Paylaş
Peki, Türkiye yenilenebilir enerjiye (güneş, rüzgâr ve hidrolik) önem verse ‘yerli’ kaynak sorununa, nihai olarak da yılda kabaca 50 milyar dolara patlayan enerji ithalatını düşürebilse iyi olmaz mı? Doğal Hayatı Koruma Vakfı (WWF Türkiye), tam da bunu söylüyor; hazırladıkları raporu paylaşan WWF Türkiye Yönetim Kurulu Başkanı Uğur Bayar, Türkiye’nin 2030 yılında enerji talebinin yarısını yenilenebilir kaynaklardan karşılayabileceğine dikkat çekiyor.
WWF’nin Avrupa İklim Vakfı’nın (ECF) maddi desteği ve Bloomberg New Energy Finance (BNEF) işbirliğiyle dün yayımlanan “Türkiye’nin Yenilenebilir Gücü; Türkiye için Alternatif Elektrik Enerjisi Arz Senaryoları” başlıklı raporunda, yenilenebilir enerjiye öncelik veren bir elektrik enerjisi politikasının maliyetinin, kömüre dayalı bir politikadan daha yüksek olmadığı, ayrıca sera gazı emisyonlarındaki artışın durdurulmasına ve dış ticaret açığının azaltılmasına yardımcı olacağı savunuluyor.

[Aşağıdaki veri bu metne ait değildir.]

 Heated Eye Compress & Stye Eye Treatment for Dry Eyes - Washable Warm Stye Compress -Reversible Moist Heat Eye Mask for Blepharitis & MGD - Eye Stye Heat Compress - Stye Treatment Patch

Raporda, elektrik piyasası ve sektörün güncel durumu, hükümet politikaları ve mevcut proje stoku parametreleri üzerine inşa edilen Mevcut Politikalar Senaryosu’nun (MPS), diğer senaryolara göre daha düşük sermaye maliyeti gerektirdiği, yeni kurulu güç inşasının daha fazla olması nedeniyle Yenilenebilir Enerji Senaryosu’nun (YES) kısa vadede daha maliyetli göründüğü vurgulanıyor. Bu yüksek maliyete rağmen, YES’teki düşük yakıt maliyetlerinin 2014-2030 döneminde iki senaryo arasındaki toplam maliyet farkını ortadan kaldırdığı anlatılıyor. Raporun öngörüsü; YES’deki yakıt harcamalarının MPS’ye göre toplam 18 milyar ABD Doları daha düşük olacağı yönünde.

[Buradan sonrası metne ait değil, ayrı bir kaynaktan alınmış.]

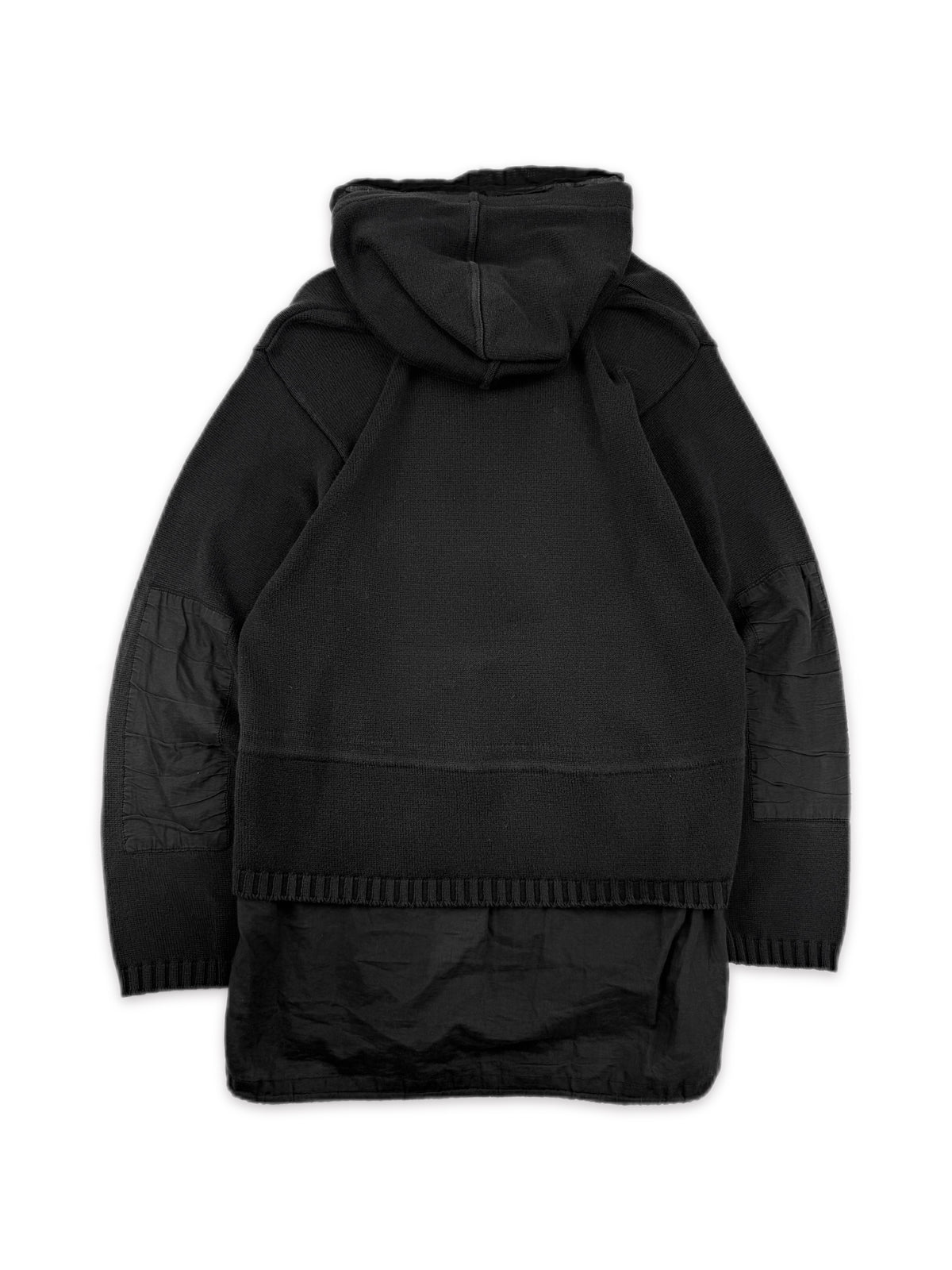 SS99 Helmut Lang Black Layered Patched Sleeve Hoodie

Peki karbon emisyonu ne olacak?
Rapor, mevcut durumda Türkiye’nin elektrik enerjisi üretiminden kaynaklanan yıllık sera gazı emisyonunun 110 milyon ton Co2 (mtCo2) eşdeğeri seviyesinde bulunduğunu, Mevcut Politikalar Senaryosu çerçevesinde, kömür kullanımındaki artış sonucu 2030 yılına gelindiğinde elektrik üretimi kaynaklı emisyonların neredeyse ikiye katlanıp, 200 milyon tonu aşacağını öngörüyor.
Oysa Türkiye Yenilenebilir Enerji Senaryosu’nu tercih ederse emisyonların önümüzdeki 5 yıl boyunca bir nebze yükseleceği, ancak sonrasında 120 milyon ton mtCo2 eşdeğeri seviyesinde sabitleneceği hesaplanmış. Aradaki fark, mevcut yıllık toplam emisyonlarının beşte birine denk geliyor.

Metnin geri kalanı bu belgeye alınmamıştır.